This might be the day. Things are softening. (Circle it on the calendar, four and a half months.)
I can say this today because my child slept from six p.m until seven a.m. with only one feeding and no fussing. She also has gone down for two naps with minimal screaming, crying, fussing.
It is days like today, and a few in the past week, where things have slowed down. Days when the hard work seems more manageable, even enjoyable. Moments throughout the day when I catch myself thinking that I might-even-possibly miss this time together with her.

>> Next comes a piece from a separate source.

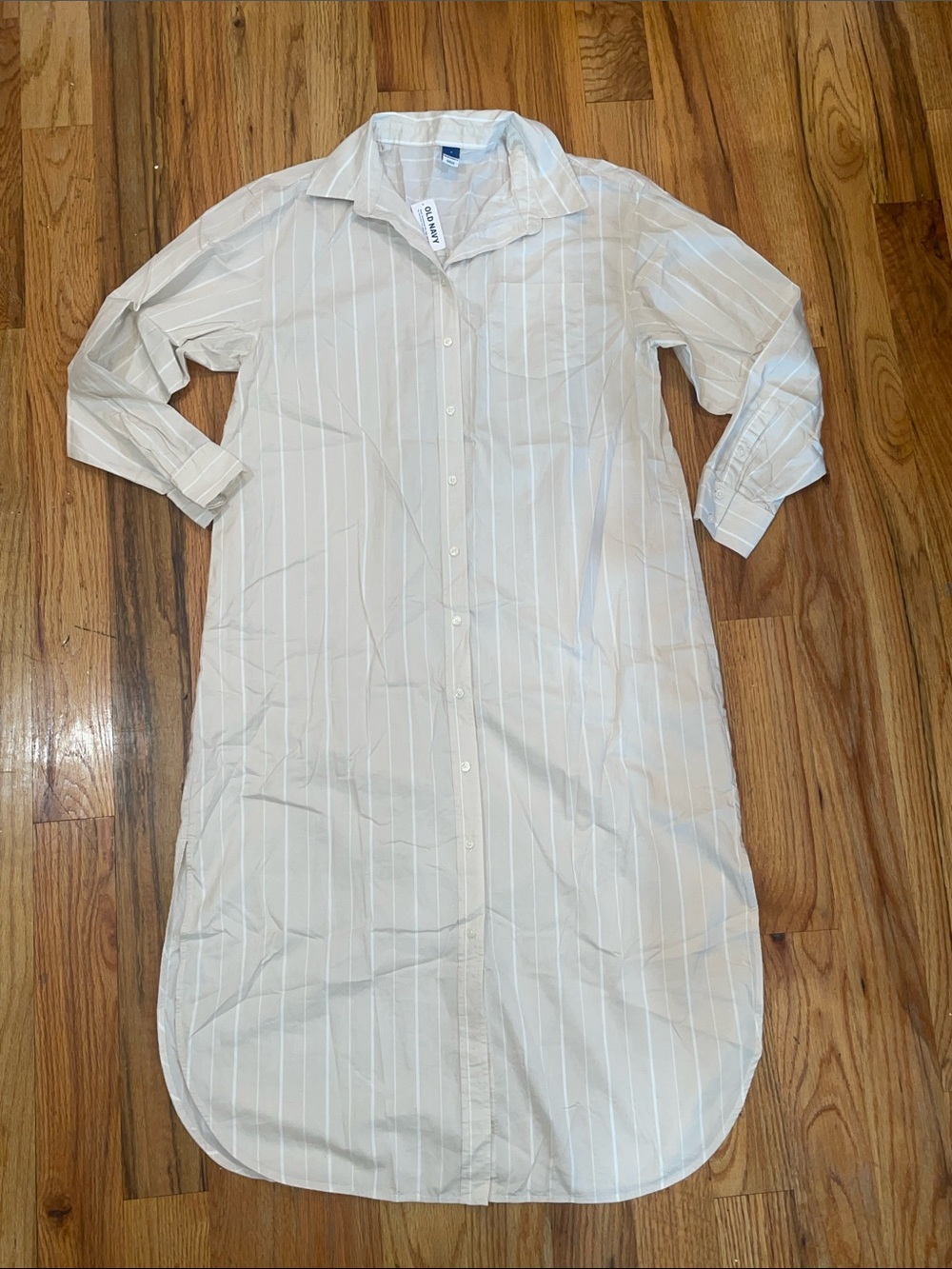 NEW Old Navy Women's White Pinstripe Long Button-Down Shirt Dress S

I still struggle with some boredom issues. I have cleaned every closet, thrown away clutter from previous lives, and recycled technology from the early 2000s. We have bought a new car and are getting hail damaged fixed on the other. I have spent time writing, reading, and wandering. I have spent far too long on Pinterest & have recently bought canvas to wrap diaper boxes to make them fancy toy boxes. This past week, I considered what it would look like if we renovated the shower and ripped up the carpeting in our house.

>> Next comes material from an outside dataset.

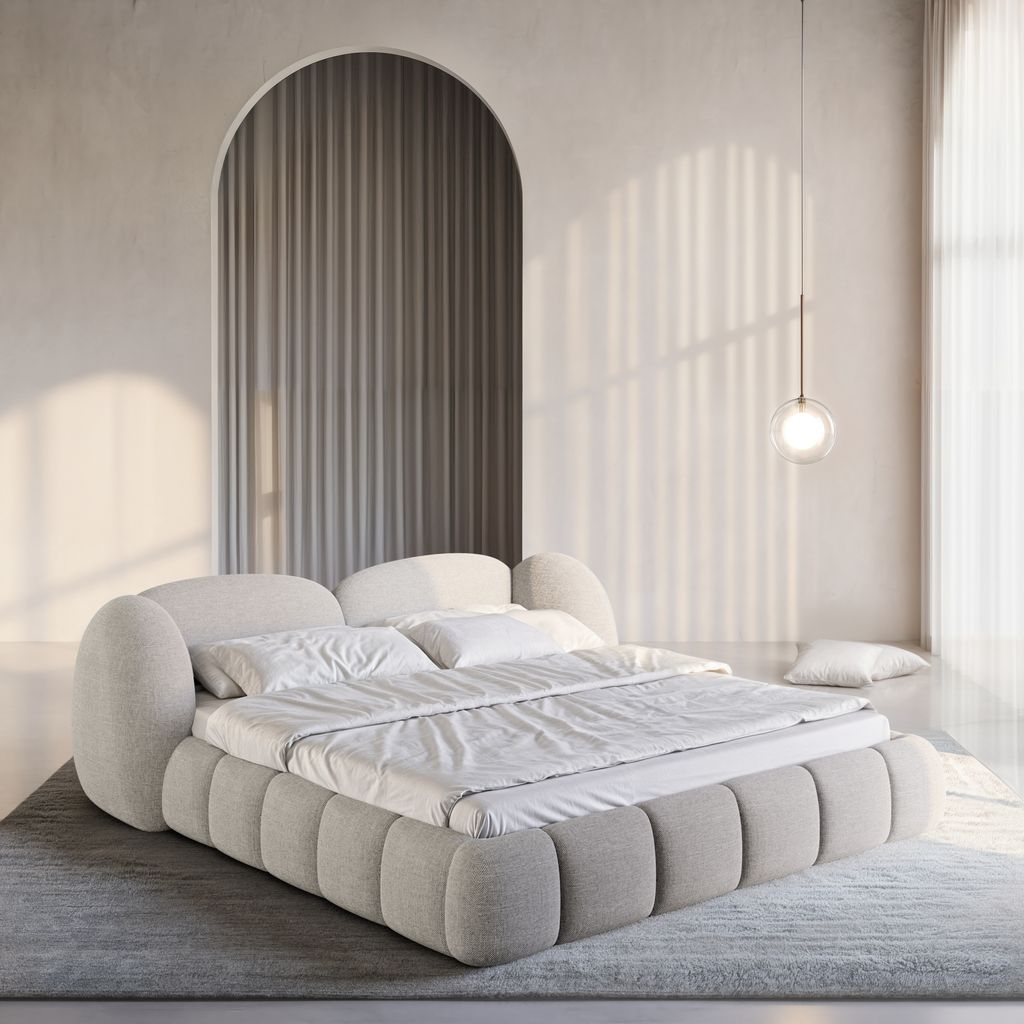 
Design Polsterbett „Amara“ mit Ablagefach, Webstoff Hellgrau - 140 x 200 cm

I love getting organized. But even I think this might be too much. Last week, my husband came home to find me cooking dinner and I think the sight nearly killed him.

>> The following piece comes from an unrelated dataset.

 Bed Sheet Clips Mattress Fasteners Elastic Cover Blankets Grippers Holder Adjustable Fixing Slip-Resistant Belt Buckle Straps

The edges seem less hard these days. And the days truly seem to melt into one another. I think some of this is just the effect of time, but I believe our pursuit of sleep training has given us the opportunity to find more hands-free time in the day. Her ability to soothe herself has increased the possibilities of the day and in turn, the satisfaction.
Who knows what comes next. I know that hard edges might be just around the corner again, but for now, we are relaxing into all of it.